Les scientifiques savaient que seule une poignée des tempêtes de précipitations les plus importantes apportaient environ les trois quarts du phosphore au lac chaque année. Dans d’autres lacs, des recherches antérieures avaient documenté de grandes proliférations d’algues à la suite de grosses tempêtes.
Mais, dans le lac Mendota, cette dynamique est plus complexe. Bien que le phosphore soit sans aucun doute l’ingrédient clé d’une prolifération d’algues, le lac Mendota peut mijoter pendant un certain temps avant d’en produire une. En fait, le rapport a révélé que le délai moyen entre une grosse tempête et une grosse prolifération est de 15 jours, avec quelques retards entre une pluie abondante livrant du phosphore et une prolifération d’algues notable pouvant prendre jusqu’à deux mois.
Alors que se passe-t-il? Il s’avère que le phosphore n’est qu’une partie de la recette de la prolifération des algues. Carpenter identifie trois autres facteurs clés en jeu : des vents calmes, des eaux de surface chaudes et une faible abondance de minuscules crustacés appelés zooplancton.
Tout comme le «verdissement» annuel qui se produit sur la terre lorsque l’hiver dégèle au printemps, les lacs voient une explosion de croissance, en particulier d’algues, à mesure que leurs eaux se réchauffent. Lorsqu’il y a du vent, cette algue se mélange à la colonne d’eau, mais lorsque le vent tombe, elle peut flotter à la surface et former une prolifération. Et tout cela ne peut se produire que si les populations de zooplancton broutant les algues sont petites. Si le nombre de zooplanctons est élevé, ils peuvent manger suffisamment d’algues pour empêcher une prolifération.

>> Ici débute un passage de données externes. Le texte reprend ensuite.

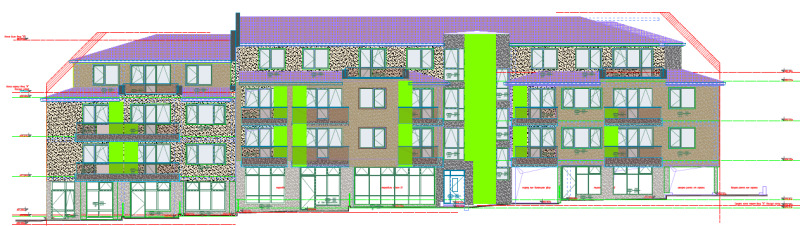 Satılık  Stüdyo Sofia , Suhodol , 51 metrekare | 17993305 - görüntü [8]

Carpenter indique des périodes de temps dans l’ensemble de données du lac Mendota où ces variables ont tenu le lac riche en phosphore sous contrôle. La forte abondance de zooplancton des années 1980 au début des années 2000 a maintenu les eaux beaucoup plus claires, en moyenne. De plus, un été frais, gris et nuageux en 1993 a maintenu les températures de l’eau de surface plus basses, ce qui a entraîné remarquablement peu de proliférations, même si le lac était chargé de phosphore à cause des fortes pluies printanières et estivales.
L’interaction de ces variables rendra difficile d’atteindre un point où nous pouvons prédire avec précision les proliférations d’algues, dit Carpenter. Ils sont également hors de contrôle humain. Cela, selon les chercheurs, laisse une option claire pour les personnes qui souhaitent améliorer la qualité de l’eau et éviter les futures proliférations d’algues : fermer le robinet de phosphore.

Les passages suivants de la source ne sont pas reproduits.